InData Labs (4.8/5) scores higher overall, but "better" depends on your use case. InData Labs is better for mid-market companies needing custom production-grade ML systems with verified delivery track record and ongoing support. Oxagile is better for media, sports, and AdTech companies needing AI and ML capabilities integrated into video platforms and content analytics systems.
How do InData Labs and Oxagile differ in pricing?
InData Labs uses fixed project, t&m, retainer pricing with a minimum engagement of $25K. Oxagile uses fixed project, dedicated team, t&m pricing with a minimum engagement of $25K. Neither firm publishes a full rate card; a discovery call is required for project-specific quotes.
Which is better for enterprise: InData Labs or Oxagile?

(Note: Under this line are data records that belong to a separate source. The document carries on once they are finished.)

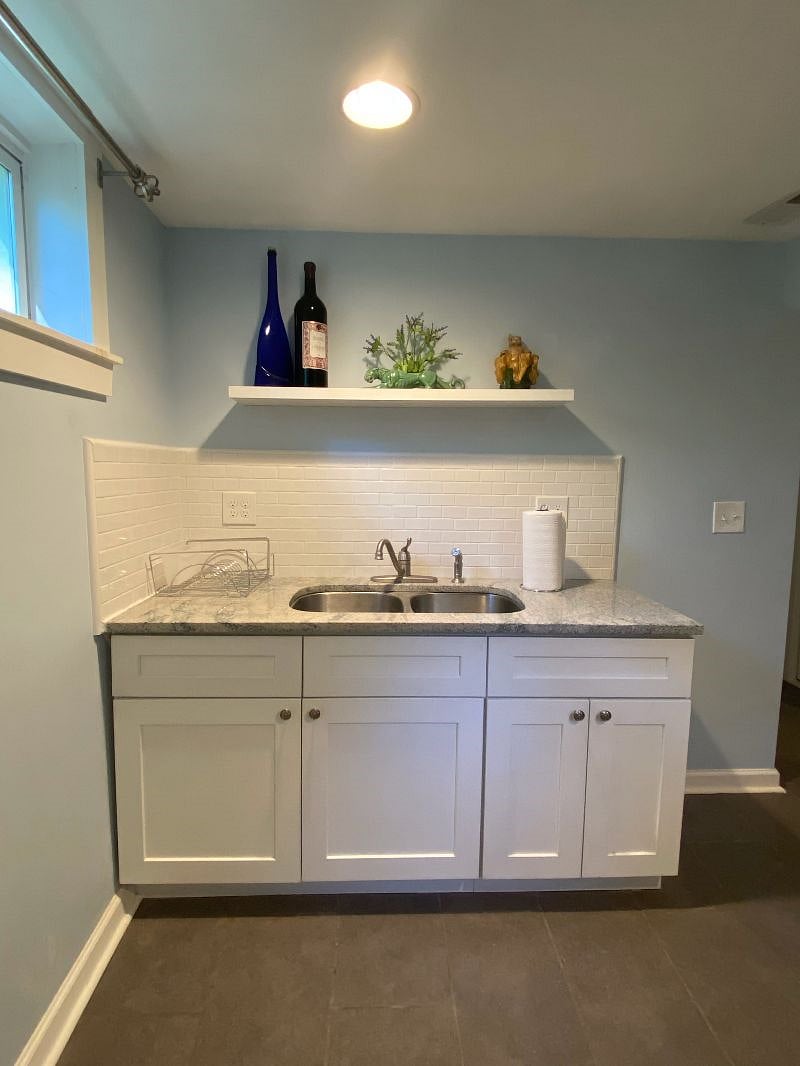 Kitchen with double sink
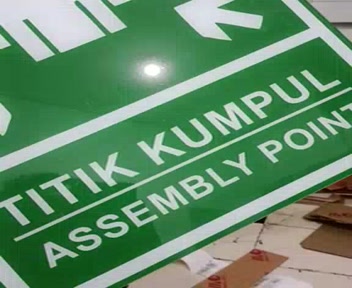 Jual AKRILIK RAMBU RAMBU PLANG TITIK KUMPUL ACRYLIC CUSTOM SIGNAGE ...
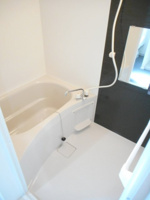 コンパクトで使いやすいお風呂です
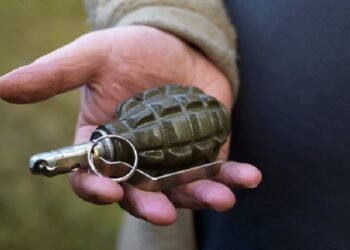 Qumbara ilə etirazçıları öldürmək istədi, əlində partladı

Oxagile is the larger team and typically the better enterprise-scale choice. For very large programmes, verify team size and compliance coverage directly with each company before shortlisting.
What are the main differences between InData Labs and Oxagile?
InData Labs's primary differentiator is: pure-play data science boutique with 4.9/5 clutch rating across 18 independent reviews and documented post-launch iteration model. Oxagile's primary differentiator is: 20-year video technology specialist with strong computer vision and video analytics ml capability for media, sports, and adtech clients. They also differ in team size (100–200 vs 400–600), minimum engagement ($25K vs $25K), and primary industries served (FinTech, Healthcare vs E-commerce, Healthcare).
Last reviewed: July 2026. Verify all details directly with each company before making a decision.